A growing number of real estate companies are quietly moving to “privatize” their listings — holding properties internally rather than sharing them with other brokers or the general public. The stated rationale is exclusivity, but the real motivation is simpler: forcing buyers to work exclusively with their agents.
After more than 45 years in the business, my experience has consistently confirmed one truth — maximum exposure equals maximum price. That’s precisely why I joined the Multiple Listing Service early in my career. The MLS gives sellers access to the broadest possible pool of buyers, from local agents to those representing clients from across the country and beyond. My ultimate goal has always been to do what’s right for my clients. Of course, I’d prefer to represent both sides of a transaction, but that must never come at the expense of getting my sellers the highest and best offer.

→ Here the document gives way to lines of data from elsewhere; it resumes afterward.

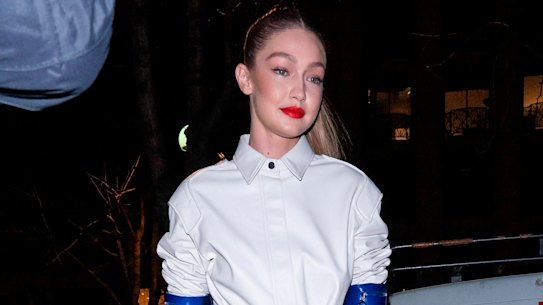 Gigi Hadid gives her boilersuit a moto-racing edge.
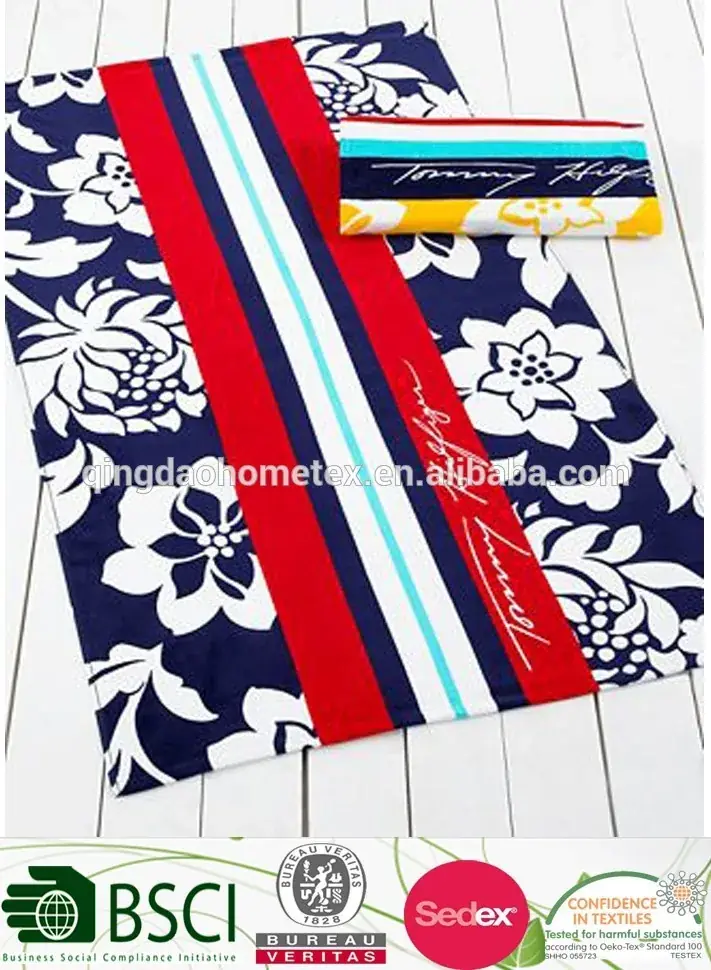 Folded and flat-view beach towels with navy floral print and red, white and blue stripes, with certification logos overlaid at the bottom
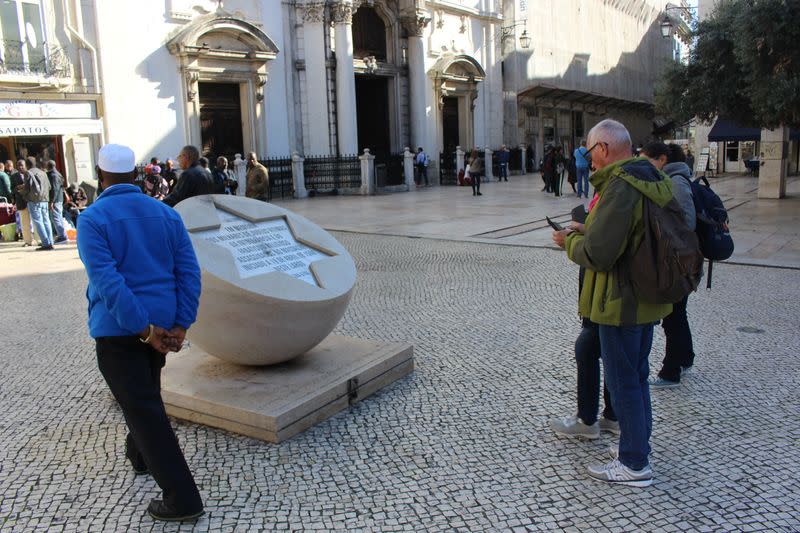 People stand next to a memorial marking the Jewish Massacre of 1506, in Lisbon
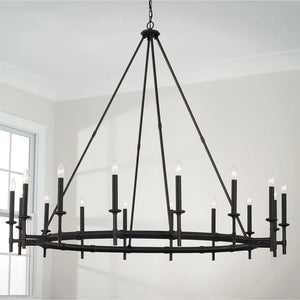 Large black chandelier with multiple candle-style lights hanging in a modern space, available at Lights Canada.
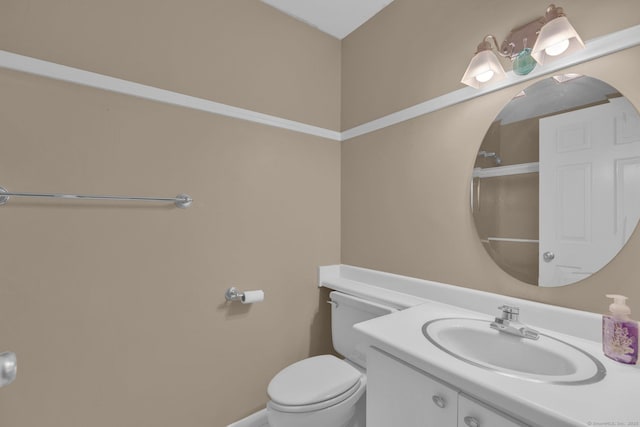 bathroom with an enclosed shower, toilet, and vanity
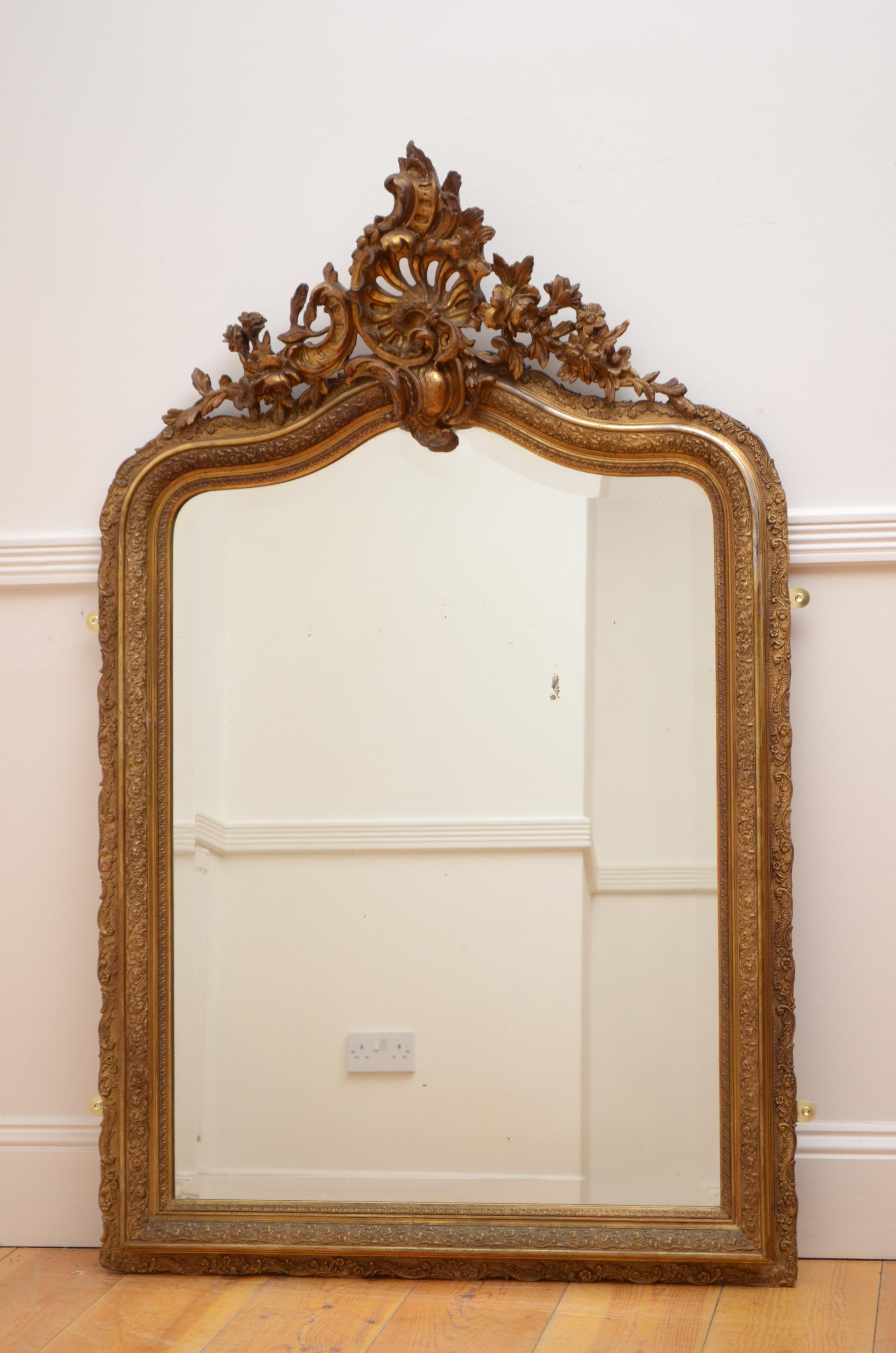 K0445 stunning antique French wall mirror with original bevelled edge glass with some foxing in beautifully carved and very elaborate gold leaf frame with exquisite centre crest to the top. This antique mirror retains its original glass, original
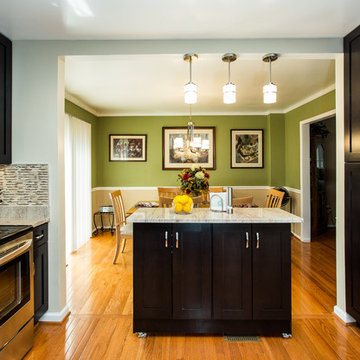 Espresso Kitchen Remodel with Granite Island and Stainless Steel Appliances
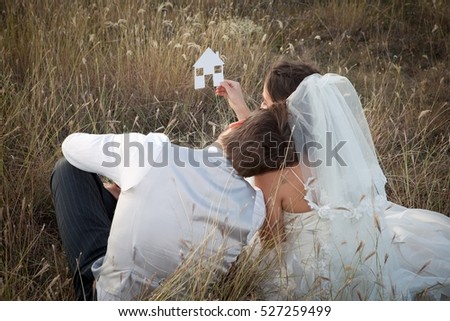 Newlywed couple holding a picture of a house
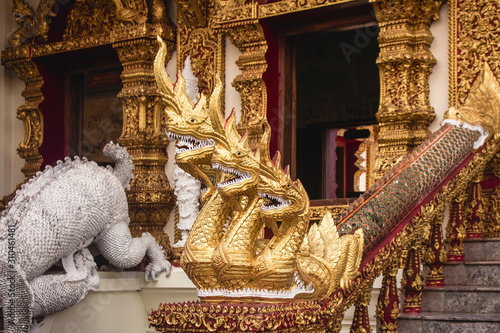 Statue of Naga Serpent with three heads in the stairs to Wat Buppharam Buddhist temple in Chiang Mai, Thailand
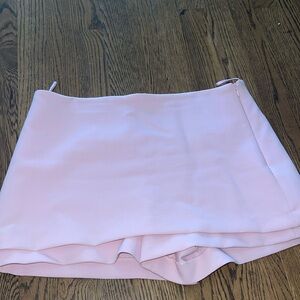 Low-rise skort. False back welt pockets. Side hidden in-seam zip closure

The data backs this up. According to Inman, research across millions of transactions shows that sellers who list off-MLS lose on average between 1.5% and 3.7% of their final sale price–on a $500,000 home, that’s between $7,500 and $18,500 left on the table. For Forest Hills homeowners, where house, co-op and condo values regularly exceed that threshold, the stakes are even higher.
This trend has been reshaping the industry nationally, and its effects are being felt here in New York. Bess Freedman, CEO of Brown Harris Stevens, my firm, has spoken openly about a trust crisis in real estate, pointing out that only 20% of consumers currently trust real estate agents, and that the fight over private listing networks only makes that worse. Bear in mind that Brown Harris Stevens has listed and sold some of the highest-priced properties in New York City, and for many celebrities. We would certainly benefit from “privatizing” our listings.
Legislators are responding. Washington State has already signed a bill into law banning the exclusive marketing of listings to select groups of buyers, and Wisconsin passed legislation making public marketing the accepted default. Bills are also pending in several other states. In New York, the “Fair and Transparent Real Estate Listings Act” has been introduced, finding that open and transparent access to residential real estate listings is essential to fair housing opportunity, market competition, and accurate price discovery.
To be clear: Private listings are not always wrong. In rare cases–a well-known individual seeking anonymity, or someone navigating a sensitive personal situation–limiting exposure may be entirely appropriate and should be respected.
But it must be the seller’s choice. The critical issue is informed consent. Every seller deserves to understand clearly whether their property will be broadly marketed or quietly kept off the market, and exactly what that decision means for their bottom line. That transparency isn’t just good practice. Here in New York, it may soon be the law.